Technically, it was a simple find-and-replace operation. But searching every file for the old phrasing and fitting the new expression to each context was itself a process of mission permeation. Where “overturn” was used appropriately within an essay’s argument, we left it; we replaced only the instances that served as the mission statement. Each such judgment drew the boundary between what is the mission and what is not.
On the corporate site, we differentiated roles between the top page and the about page. The top page serves as a hook—short and striking. The about page provides detail—with concrete explanation of the three-layer system. The same mission, but the optimal depth varies by context. The underlying sentence, however, remains the same.
7. Remove the Ego from the Mirror, and What Remains Is Divine
Most mission statements in the world begin with “We.” Nike, Tesla, Disney, Microsoft—all follow the structure “We do X.” The company is the subject; the reader is positioned as a recipient of benefits.
To be clear, this is not a critique of “We”-style missions. When an organization needs to align employees and stakeholders around a course of action, “We” works well. In management consulting, “We”-style visions are often recommended to build team cohesion. Every mission has its own context and purpose. What follows is an observation about structure, not a judgment of merit.
That said, a structural question arises: when a mission is a declaration for the beneficiary, who should be the subject? “We do X for you” functions as a statement of action, but the reader remains in the position of object.
“You become a story” chose a different structure. The company does not appear. Only the reader is the subject.

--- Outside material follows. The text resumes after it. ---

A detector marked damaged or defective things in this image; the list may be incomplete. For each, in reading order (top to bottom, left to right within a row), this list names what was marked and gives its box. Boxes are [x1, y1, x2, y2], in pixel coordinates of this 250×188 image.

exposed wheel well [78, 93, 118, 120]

As a result, when a bride and groom read it, it becomes a story about their vows; when a venue planner reads it, it becomes about the experience they deliver; when parents read it, it becomes about their memories of raising a child. By removing the subject, the statement works like a mirror—the reader sees themselves.
In Japanese, there is an old saying: “Remove the ga (ego/self) from kagami (mirror), and what remains is kami (the divine).” The word for mirror, ka-ga-mi, literally contains the word for self (ga). Remove it, and you are left with ka-mi—the divine. Only by releasing the ego does the essence reveal itself.

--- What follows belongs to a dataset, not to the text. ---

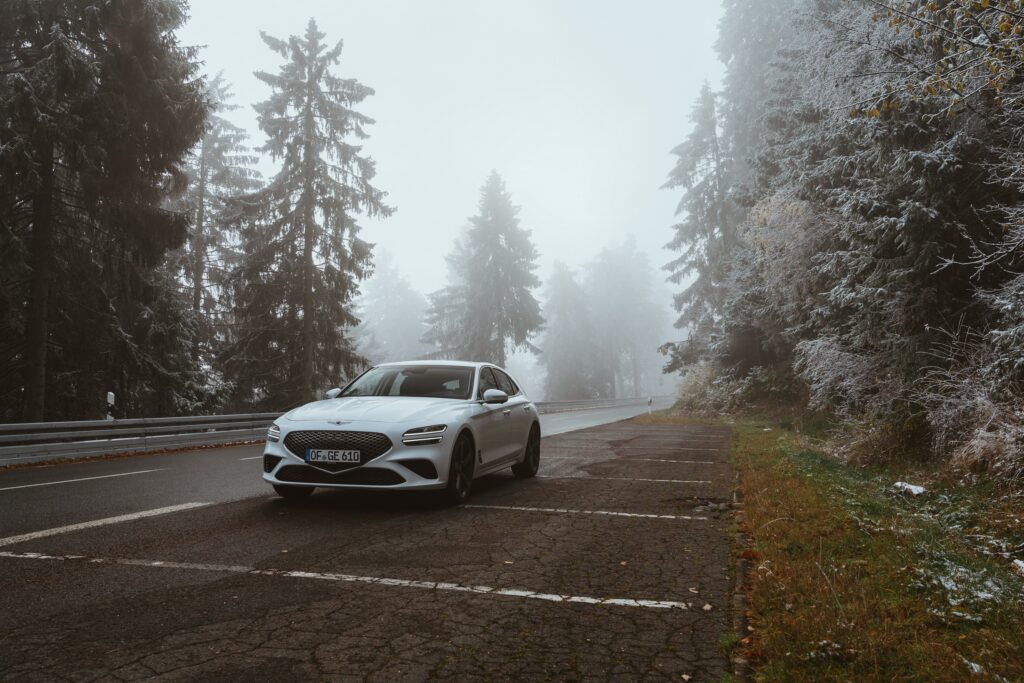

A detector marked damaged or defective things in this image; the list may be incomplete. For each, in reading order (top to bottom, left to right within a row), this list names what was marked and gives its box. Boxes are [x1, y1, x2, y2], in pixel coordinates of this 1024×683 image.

cracked asphalt [0, 419, 737, 679]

Ise Shrine’s Shikinen Sengu has no “We do X.” The National Diet Library has no “We do X.” Their systems simply continue to function in silence. By erasing the subject, they have endured for a thousand years. TokiStorage’s mission statement arrived, unintentionally, at the same structure.
Our predecessors had already embedded this design philosophy within the language itself. “Remove the ego from the mirror, and what remains is divine”—this ancestral wisdom aligns with the design principles of a mission statement written a millennium later. Respect for predecessors does not mean praising them. It means layering the next thousand years on top of the philosophy they left behind.
Remove the ga (ego) from kagami (mirror), and kami (the divine) appears.
Remove “We” from the mission, and “You” emerges.
A mission statement is not a finished product; it is a designed artifact.
Which words you discarded, which principles guided your choices,
and how you unified them—that process itself is the implementation of philosophy.